- Exercise description:
The answer is the data repeated in full, with no pictures included.

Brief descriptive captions
--------

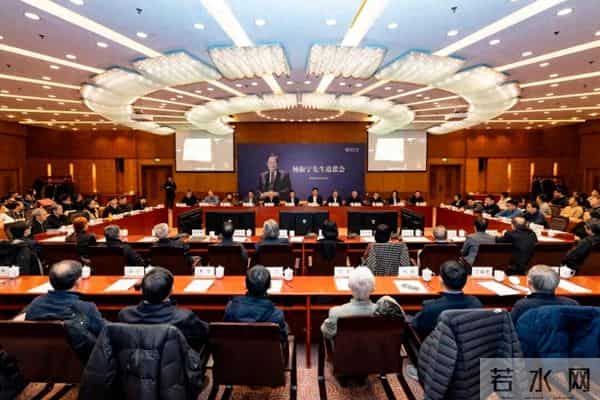 翁帆回忆杨振宁,含泪发言多次哽咽:杨先生喜欢走路,爱好编辑小视频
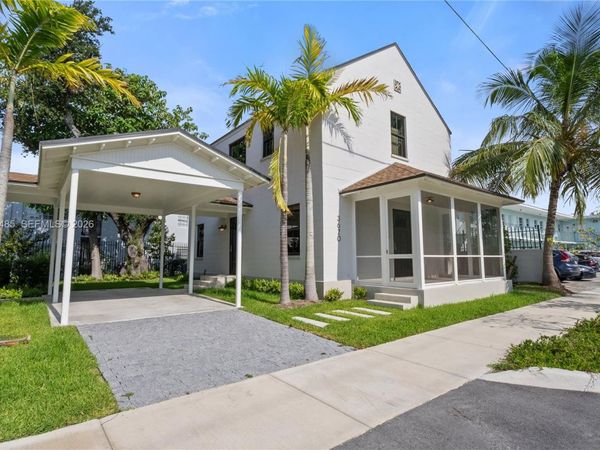 3620 Plaza Street , Miami, FL 33133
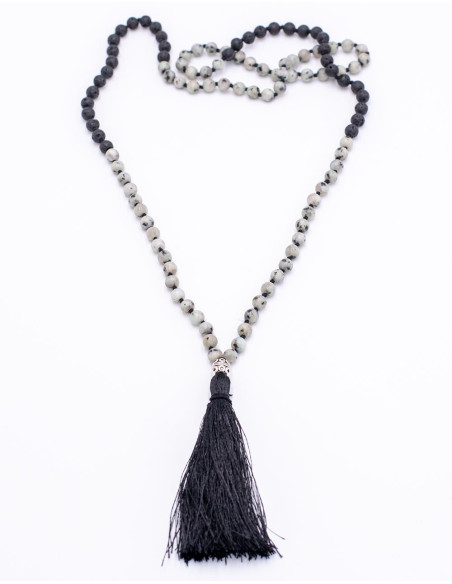 rosario-piedras-minerales-roca-volcanica-y-howlita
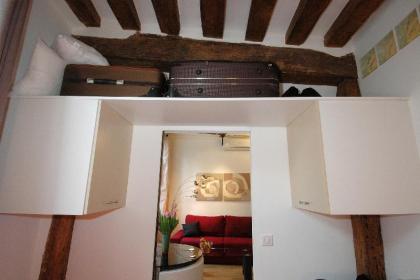 HolidaysInParis-Bourg Tibourg II - image 2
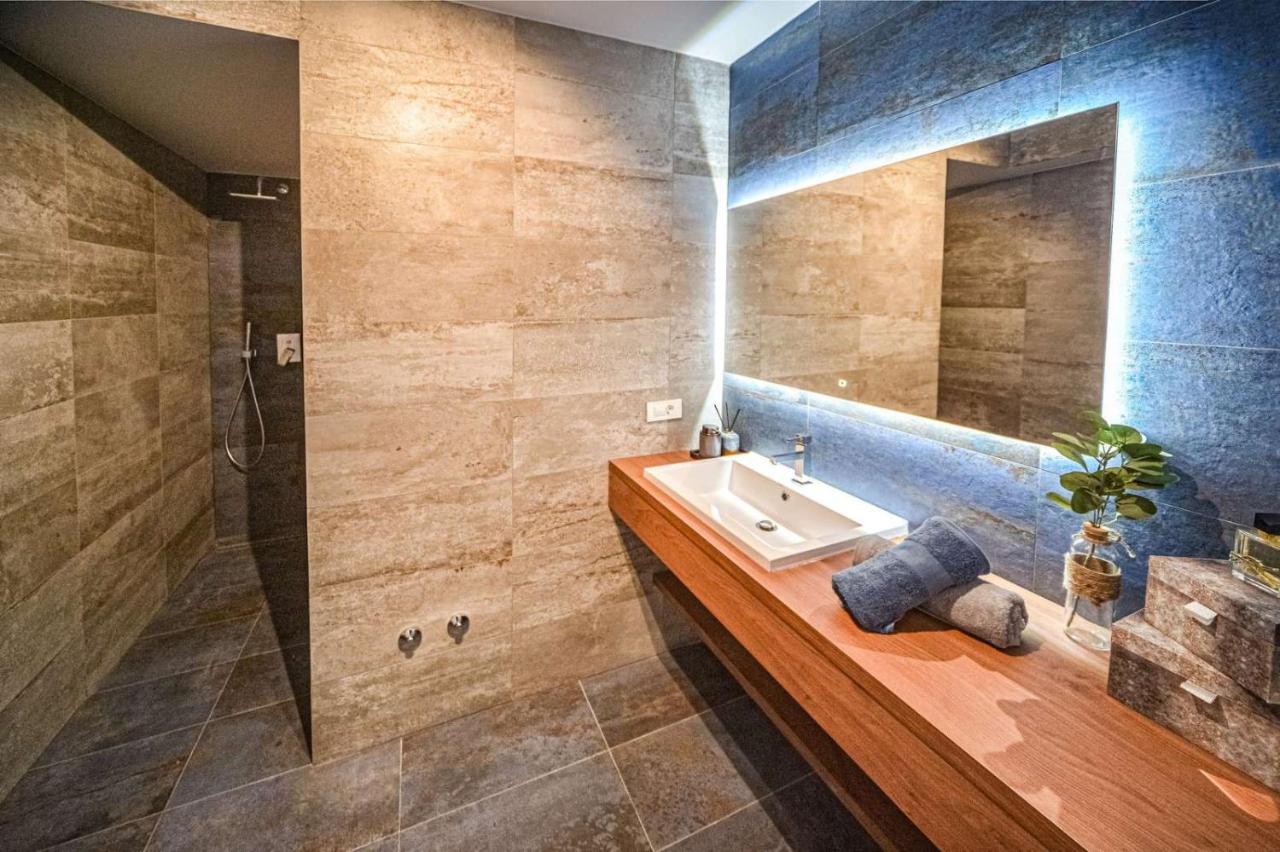 Cube Residence Каштела Екстер'єр фото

--------

- Exercise answer:
 翁帆回忆杨振宁,含泪发言多次哽咽:杨先生喜欢走路,爱好编辑小视频
 3620 Plaza Street , Miami, FL 33133
 rosario-piedras-minerales-roca-volcanica-y-howlita
 HolidaysInParis-Bourg Tibourg II - image 2
 Cube Residence Каштела Екстер'єр фото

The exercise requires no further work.